REQUIREMENT » In the material below, find the span from the line with "Report: EU i svenska medier cover image Report: EU" to the line with "Alone t-shirt" and transcribe only those lines, exactly, ends included, without the pictures.

INPUT MATERIAL »
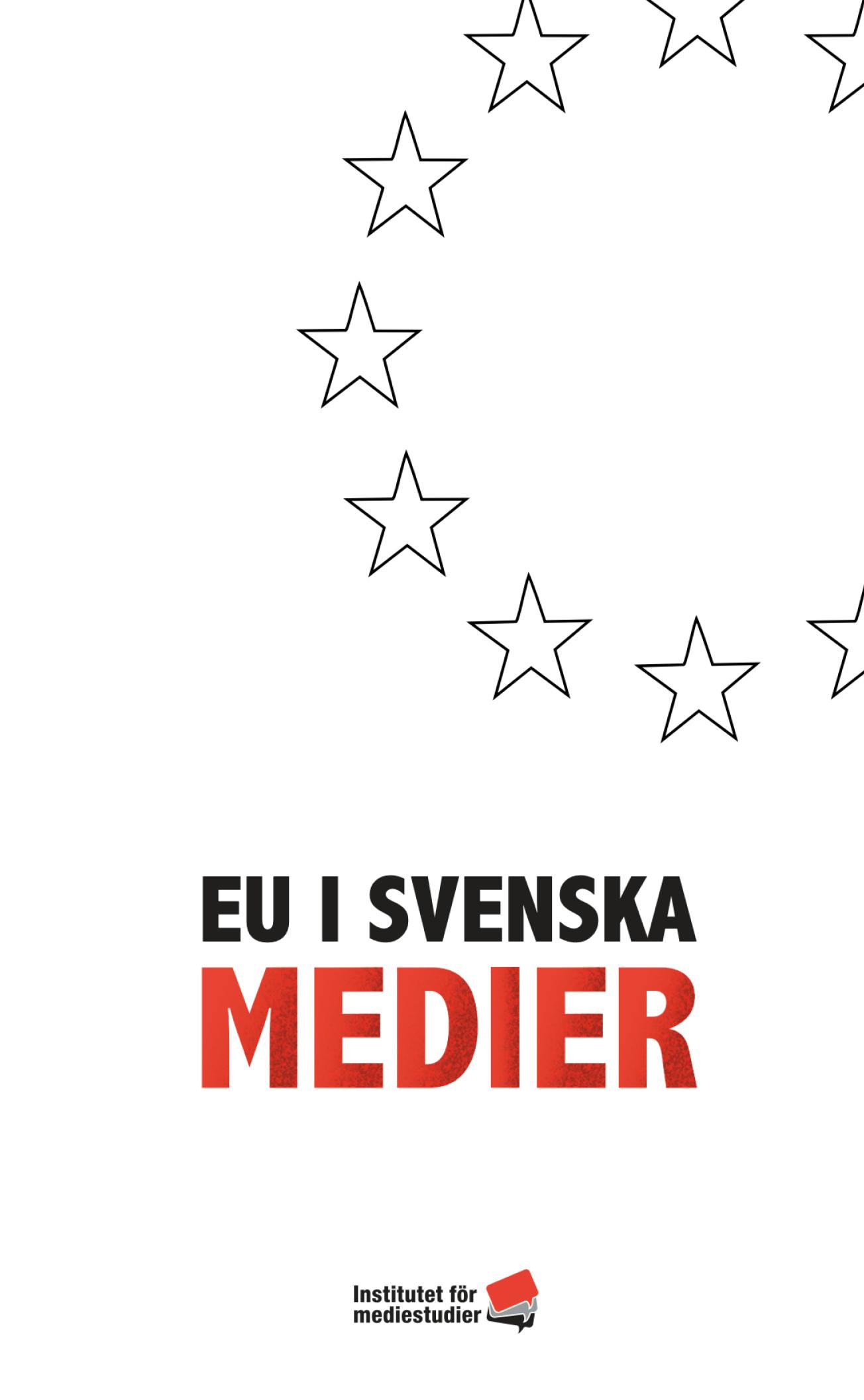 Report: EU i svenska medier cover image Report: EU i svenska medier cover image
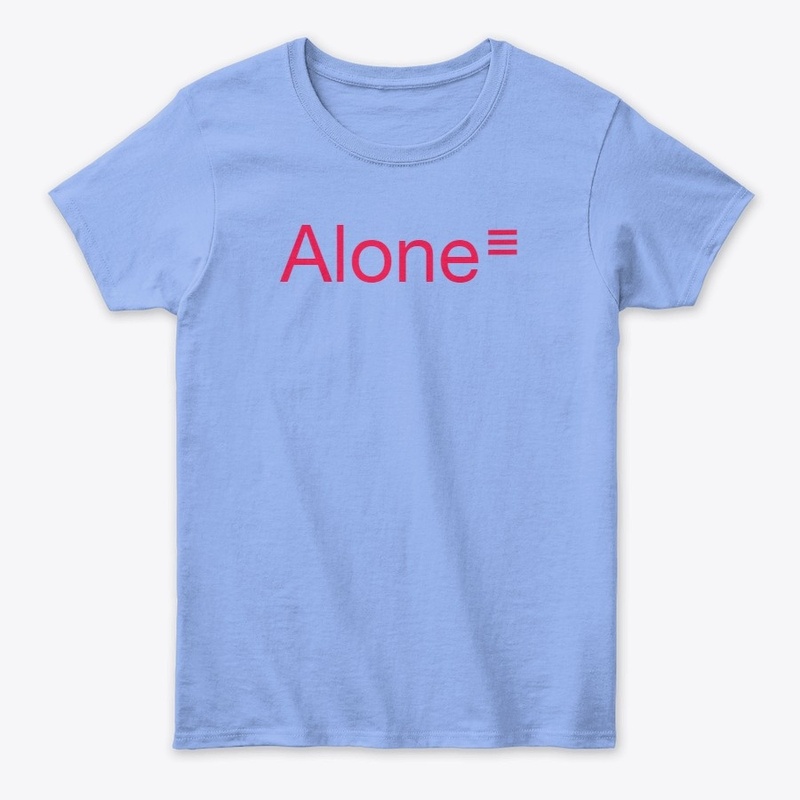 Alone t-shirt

* * *

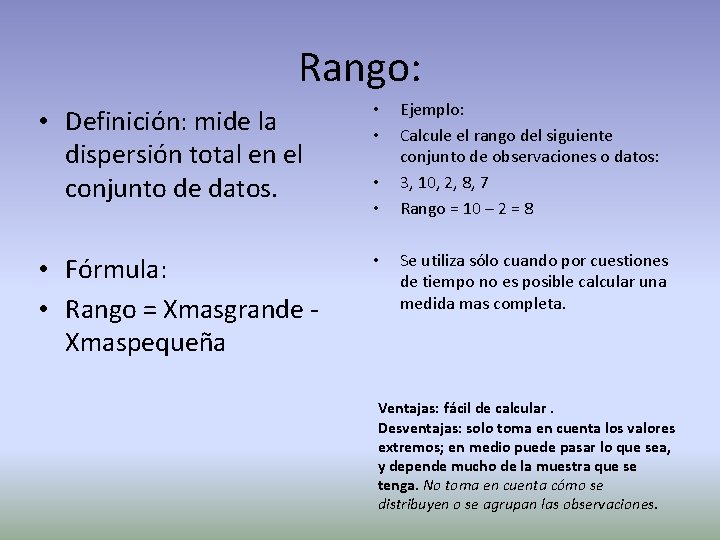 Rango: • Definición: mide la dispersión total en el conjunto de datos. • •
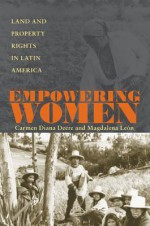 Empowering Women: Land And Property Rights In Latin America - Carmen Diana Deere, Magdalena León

OUTPUT OF THE EXERCISE »
 Report: EU i svenska medier cover image Report: EU i svenska medier cover image
 Alone t-shirt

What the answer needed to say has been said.